• [Work instruction]:
For the entries that follow, retype exactly the lines from the one containing "Eddie Bauer Women's" to the one containing "Geometric Star Snowflake", inclusive, and only those. Images stay out of the copy.
*** Opening Exercise material ***
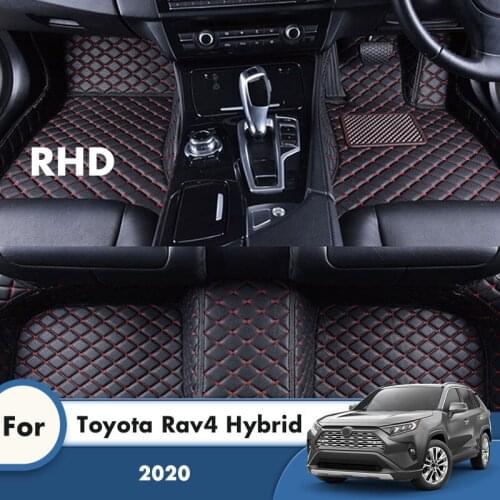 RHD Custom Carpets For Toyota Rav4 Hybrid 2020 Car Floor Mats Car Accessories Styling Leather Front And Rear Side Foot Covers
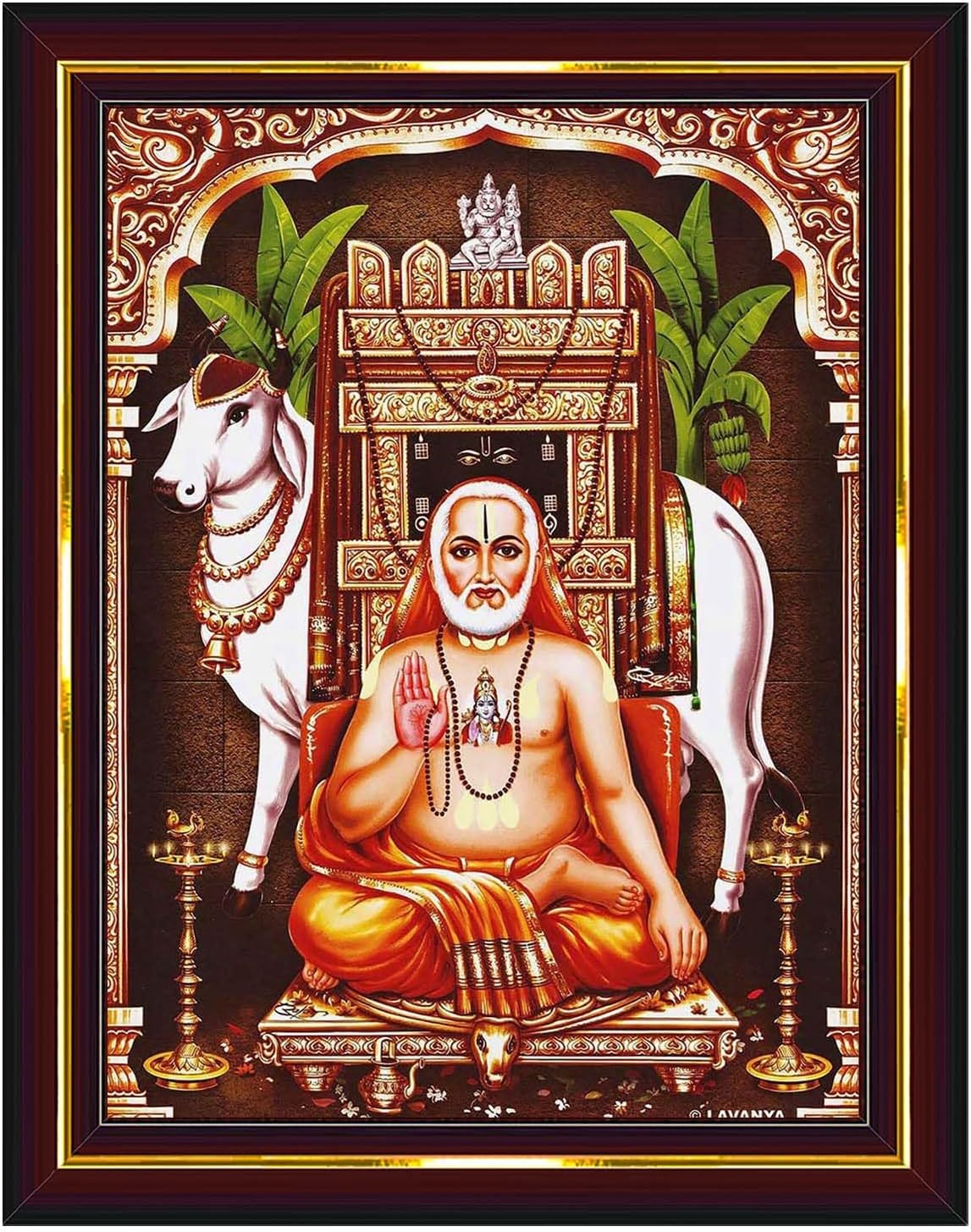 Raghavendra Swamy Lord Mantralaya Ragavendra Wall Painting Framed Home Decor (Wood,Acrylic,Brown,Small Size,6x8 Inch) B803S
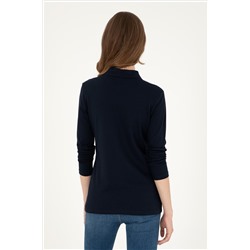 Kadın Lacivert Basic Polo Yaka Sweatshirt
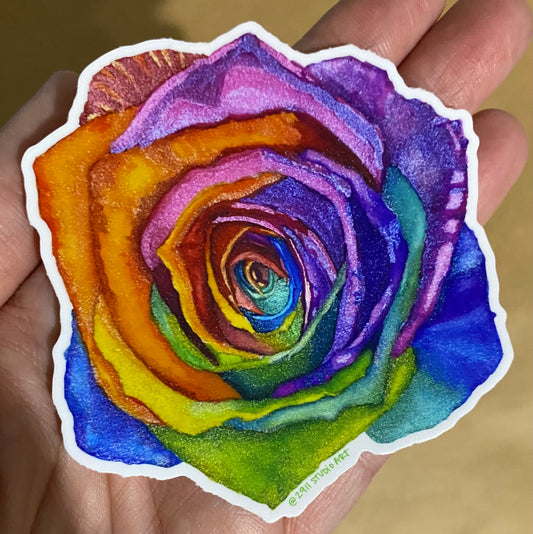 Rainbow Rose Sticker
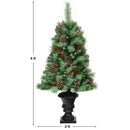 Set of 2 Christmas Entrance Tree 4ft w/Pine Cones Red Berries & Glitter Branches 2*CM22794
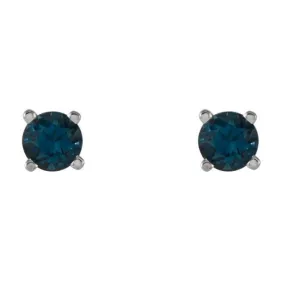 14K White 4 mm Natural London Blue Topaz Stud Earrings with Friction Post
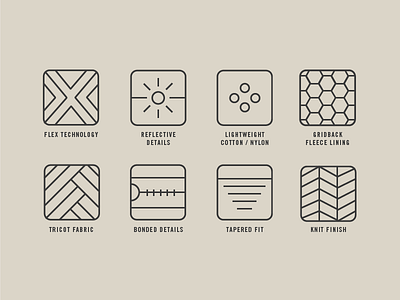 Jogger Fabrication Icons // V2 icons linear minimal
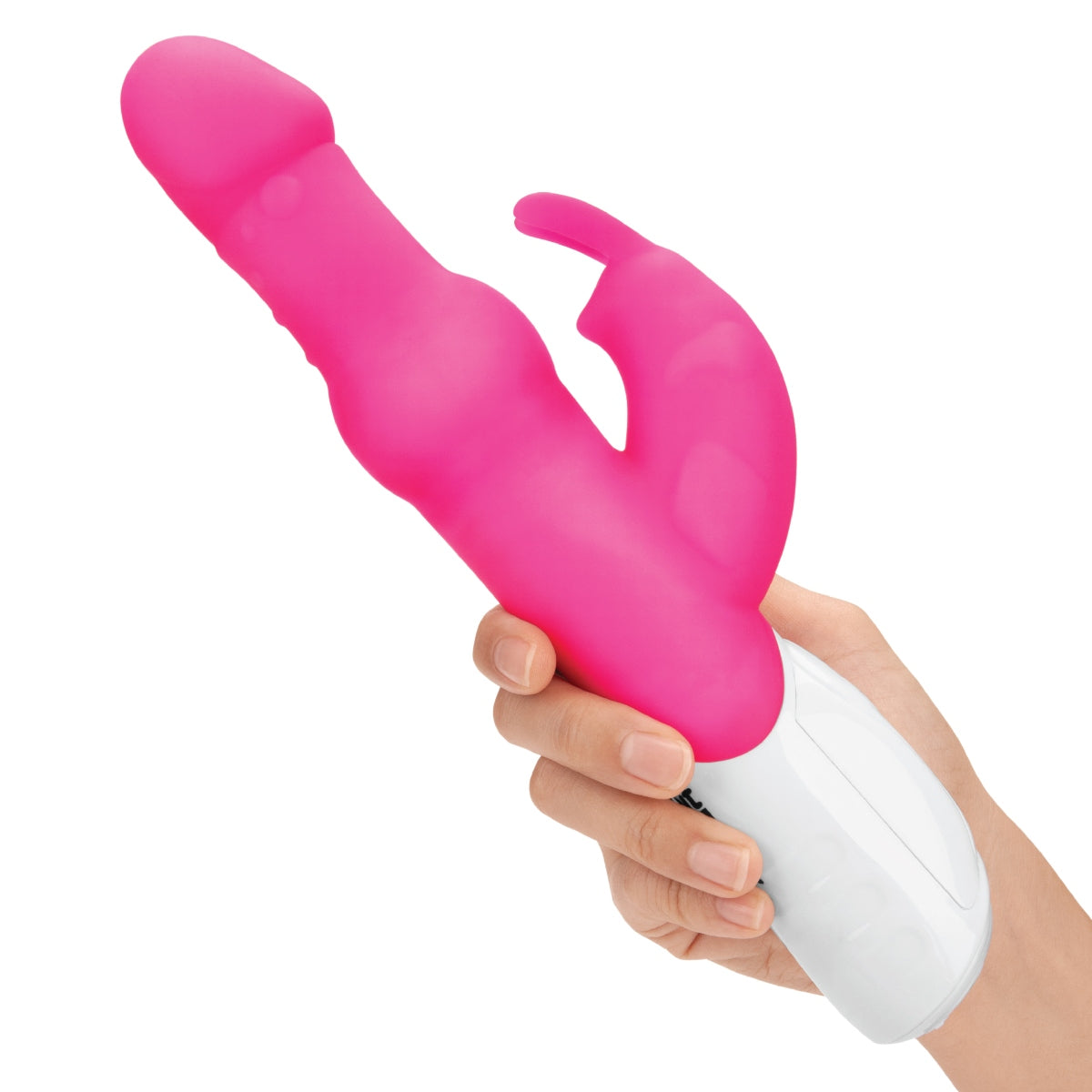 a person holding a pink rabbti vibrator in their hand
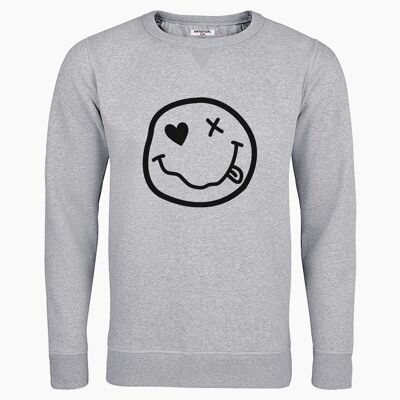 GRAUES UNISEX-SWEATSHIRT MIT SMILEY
*** Closing Exercise material ***
*** Opening Exercise material ***
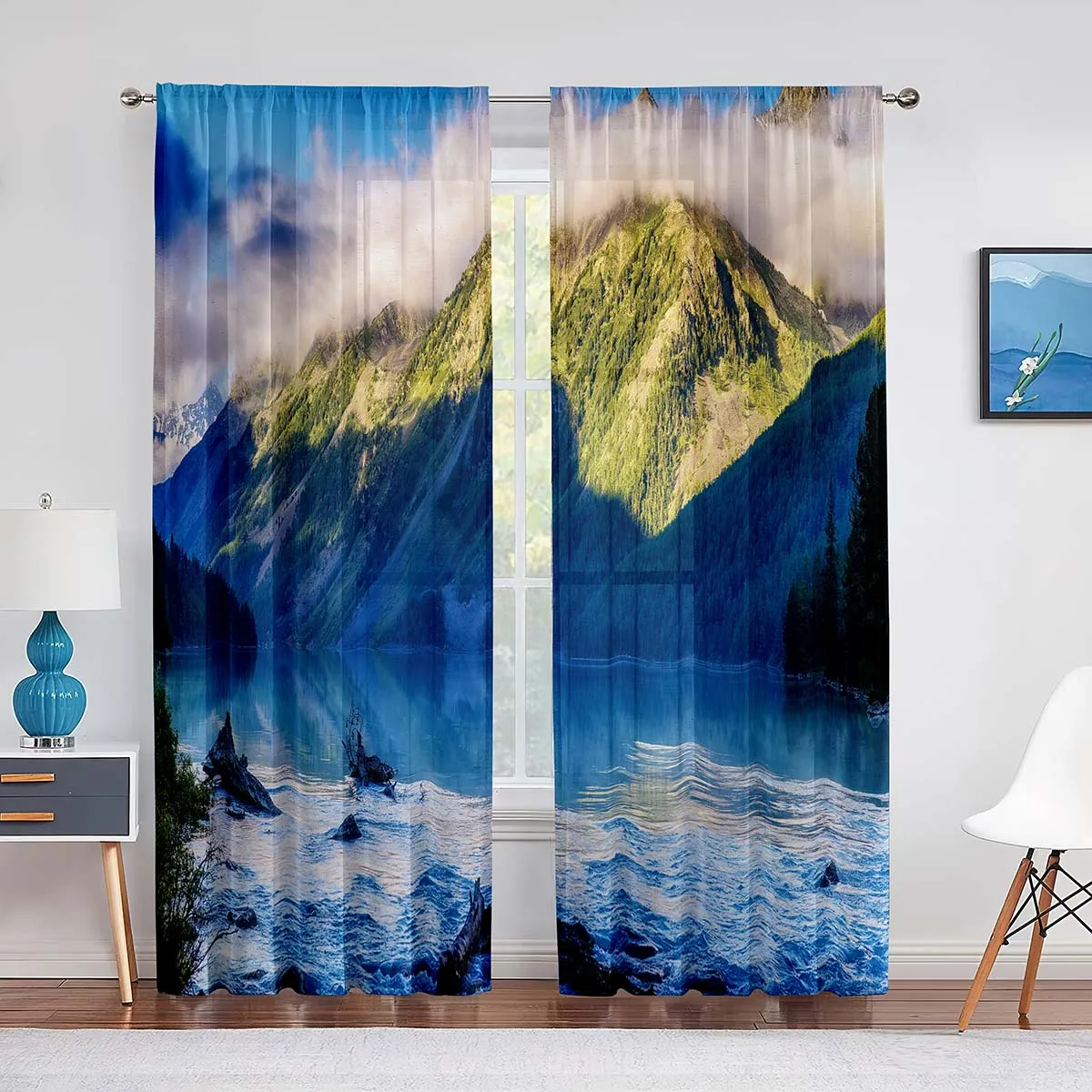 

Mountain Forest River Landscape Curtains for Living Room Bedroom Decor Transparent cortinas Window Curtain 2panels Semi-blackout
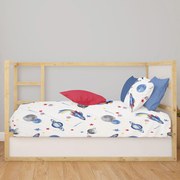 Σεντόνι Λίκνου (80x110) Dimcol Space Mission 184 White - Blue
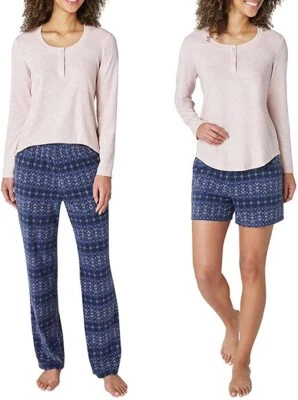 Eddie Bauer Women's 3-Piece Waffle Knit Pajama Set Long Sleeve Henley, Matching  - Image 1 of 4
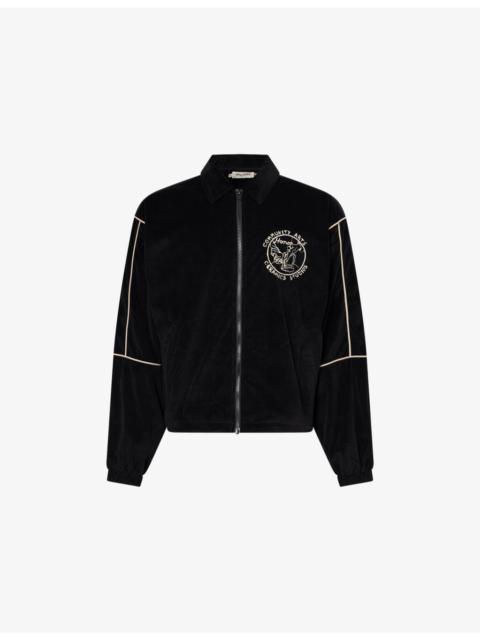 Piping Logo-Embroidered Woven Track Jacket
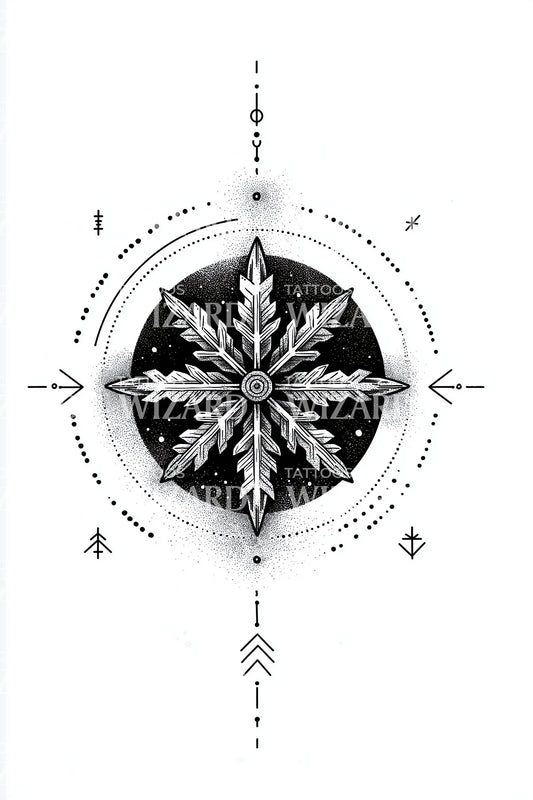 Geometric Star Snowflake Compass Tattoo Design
*** Closing Exercise material ***
• [Task output]:
 Eddie Bauer Women's 3-Piece Waffle Knit Pajama Set Long Sleeve Henley, Matching  - Image 1 of 4
 Piping Logo-Embroidered Woven Track Jacket
 Geometric Star Snowflake Compass Tattoo Design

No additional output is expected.